The workers should have realised this, when they were voting Labour in their millions. And they should remember it, when they next have a chance to choose which party shall run British capitalism. Then they should ask themselves what is the real alternative to strife.
 

Concorde

The Concorde, taking off amid its own thunder into clouds of doubt and confusion is, we are told; a triumph of modem technology.

We should, apparently, all be grateful to the designers and scientists who have made it possible for a handful of business men and wealthy travellers to get across the Atlantic a few hours faster than before — even if this is at the cost of a multitude of damages to our homes and our nerves.

But of course Concorde was not built to benefit human beings — if it were it would be unique in capitalism.

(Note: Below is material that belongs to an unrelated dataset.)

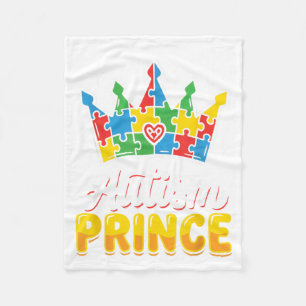 Autism Prince ASD Awareness Puzzle Crown Boys Fleece Blanket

The development of military aircraft during the war opened up supersonic travel and this was sure to be applied to civilian airliners.

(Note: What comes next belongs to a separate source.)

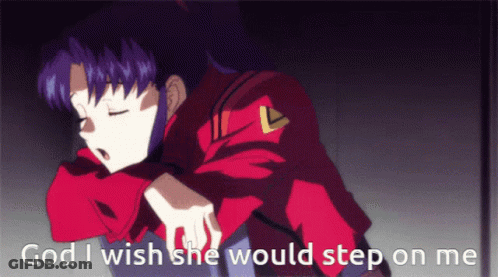 A Picture Of A Girl With The Words God I Wish She Would Step On Me On The Bottom GIF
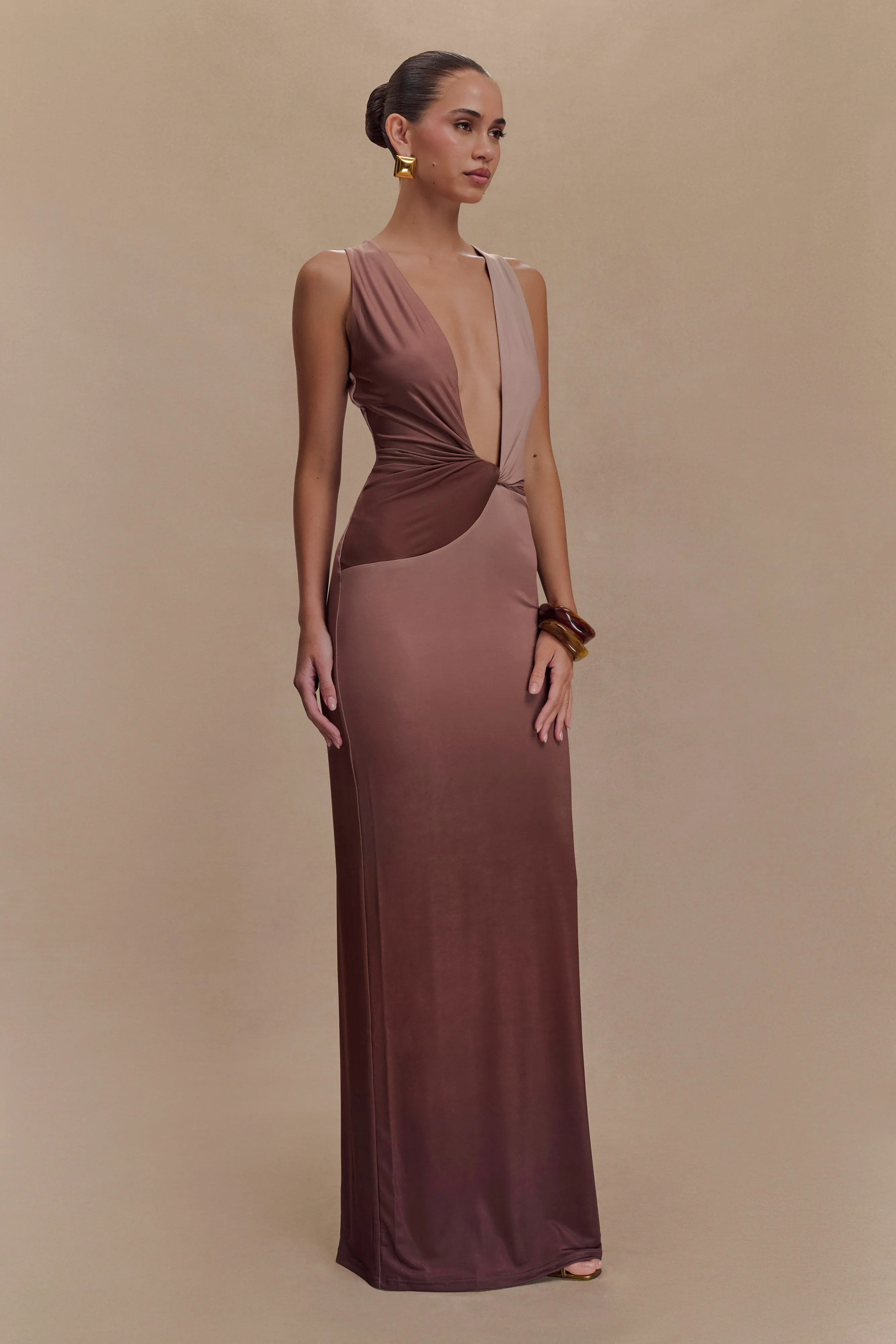 Everyday Comfort Stella Draped Slinky Maxi Dress - Mocha Ombre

The British and French aircraft industries have rushed into this venture, unsure of its ultimate effects, its feasibility, even its economics, in the hope of recapturing some of the advantages lost to the Americans in the market for the big jets.

As it happened the Russians beat everyone to the draw and their supersonic airliner was the first to fly. It may yet make an effective bid for the world market in these monstrous aircraft

It may turn out that it was all a colossal waste of time. The sonic boom may do so much damage to property on the ground, and to the working efficiency of people, that its economic disadvantages outweigh the aircraft’s profitability.

If this happens, some people may think supersonic planes were defeated by a concern for human well-being. But as usual this has hardly come into the matter.

The truth is that the whole business— the Concorde programme, the withdrawal of the Americans, the bid from Russia, the possible collapse of Concorde — has been motivated by capitalism’s quest for profit. With that as a priority, humane factors come a long way behind.


Russia versus China

The powers of capitalism can never be frank about the reasons for their international conflicts. That is why the official propaganda machines always represent wars as clashes of ideology — clashes between cruelty and mercy, belligerence and amity, or simply between right and wrong.

This applies as much to those states which claim to be socialist as to the rest. The dispute between Russia and China, for example, is represented by both sides as an ideological clash; the Russians say the Chinese are warmongers, the Chinese accuse Russia of betraying a socialist revolution.

During the fighting last month at Damansky Island, in the Ussuri River, both Russia and China accused the other of “armed provocation”. The Russian protest complained of “adventuristic policy . . . reckless provocative actions . . .” The Chinese loudspeakers blared out abuse about the “renegade, revisionist clique” in Moscow.

In fact the fighting started for anything but ideological reasons. The Russian territory around Vladivostok was annexed under the Tsars in the 19th century. The Bolsheviks swore to return the land but that was one of those vows which were quietly forgotten in the rise of capitalism in Russia.

Since then Russia has poured an immense amount of capital into developing the area’s industries and communications. Vladivostok is an important naval base, and Russia’s only commercial outlet to the Pacific. And just like any other capitalist class, the rulers of Russia are anxious to protect their investments.

China, however, as a newly rising capitalist power is pressing to re-negotiate the treaties which lay down her frontiers (the reason, also, for the clashes with India in 1962), one of which is marked by the Ussuri. All of this combined to make a delicate and dangerous situation, which is not in any way lessened by the supposed ideological comradeship between the two states.

It is, in fact, a classical dispute between two capitalist powers. Very often these disputes start over something trivial, like a spit of sand in the Ussuri River. But the background is anything but trivial.